**MATERIAL FOR THE TASK:**
——————————
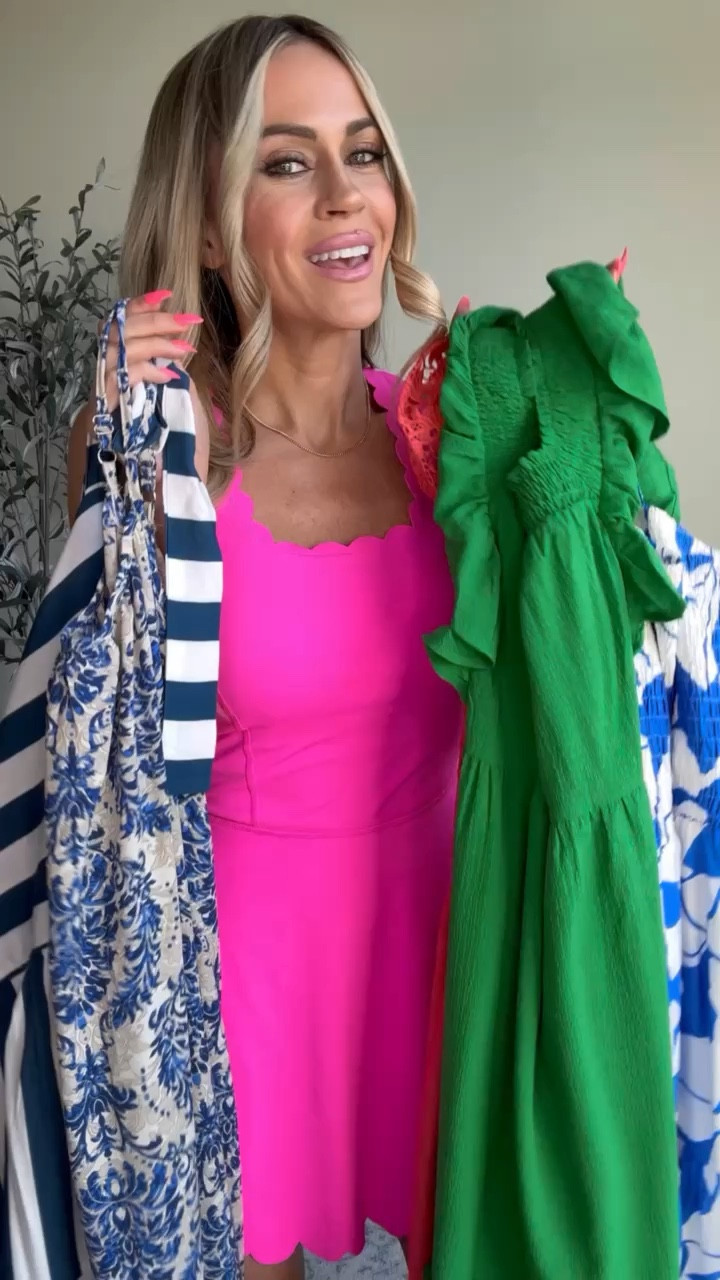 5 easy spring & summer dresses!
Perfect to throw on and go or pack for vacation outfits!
——————————
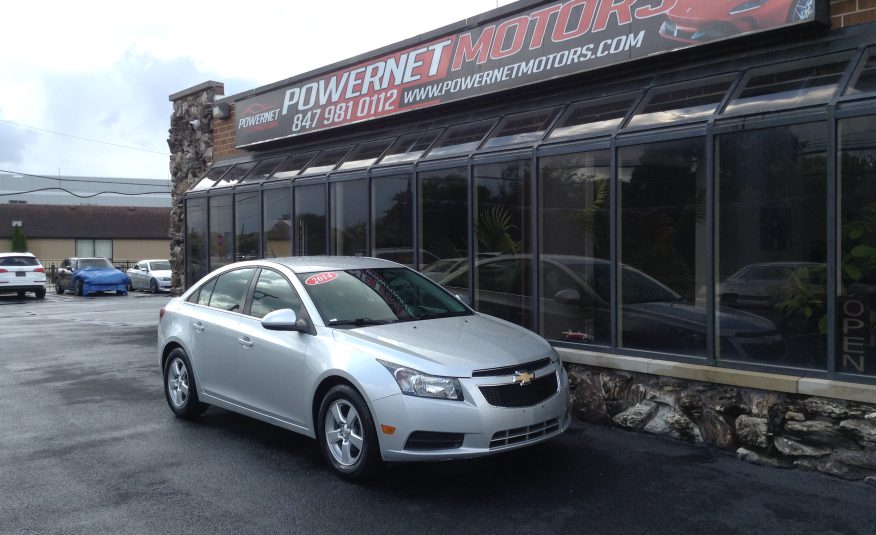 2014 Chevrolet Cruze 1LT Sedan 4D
——————————
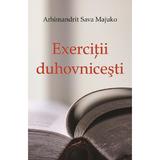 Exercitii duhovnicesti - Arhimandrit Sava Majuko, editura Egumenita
——————————
**TASK ITEM:** Go back to the listing above and write out the lines starting at the one with "5 easy spring & summer dresses!" and ending at the one with "Perfect to throw", inclusive, exactly and without pictures.

**SOLUTION TO THIS TASK:**
 5 easy spring & summer dresses!
Perfect to throw on and go or pack for vacation outfits!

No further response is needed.